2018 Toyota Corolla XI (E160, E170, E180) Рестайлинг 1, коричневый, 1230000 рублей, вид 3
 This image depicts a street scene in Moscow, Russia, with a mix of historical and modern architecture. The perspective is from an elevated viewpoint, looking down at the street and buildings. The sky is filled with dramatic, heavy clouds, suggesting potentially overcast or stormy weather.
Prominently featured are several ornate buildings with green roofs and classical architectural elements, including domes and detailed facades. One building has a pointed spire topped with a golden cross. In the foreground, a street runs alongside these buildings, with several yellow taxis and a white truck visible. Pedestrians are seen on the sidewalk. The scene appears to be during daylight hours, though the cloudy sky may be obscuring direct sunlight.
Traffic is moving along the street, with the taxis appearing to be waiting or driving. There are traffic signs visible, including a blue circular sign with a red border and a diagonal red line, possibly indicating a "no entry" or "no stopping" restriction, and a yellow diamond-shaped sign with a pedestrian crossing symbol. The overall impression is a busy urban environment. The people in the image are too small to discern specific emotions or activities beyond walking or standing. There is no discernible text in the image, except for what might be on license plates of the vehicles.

+++

▸ **Work request**: Retype every line of the data above exactly.

▸ **Output below**:
2018 Toyota Corolla XI (E160, E170, E180) Рестайлинг 1, коричневый, 1230000 рублей, вид 3
 This image depicts a street scene in Moscow, Russia, with a mix of historical and modern architecture. The perspective is from an elevated viewpoint, looking down at the street and buildings. The sky is filled with dramatic, heavy clouds, suggesting potentially overcast or stormy weather.
Prominently featured are several ornate buildings with green roofs and classical architectural elements, including domes and detailed facades. One building has a pointed spire topped with a golden cross. In the foreground, a street runs alongside these buildings, with several yellow taxis and a white truck visible. Pedestrians are seen on the sidewalk. The scene appears to be during daylight hours, though the cloudy sky may be obscuring direct sunlight.
Traffic is moving along the street, with the taxis appearing to be waiting or driving. There are traffic signs visible, including a blue circular sign with a red border and a diagonal red line, possibly indicating a "no entry" or "no stopping" restriction, and a yellow diamond-shaped sign with a pedestrian crossing symbol. The overall impression is a busy urban environment. The people in the image are too small to discern specific emotions or activities beyond walking or standing. There is no discernible text in the image, except for what might be on license plates of the vehicles.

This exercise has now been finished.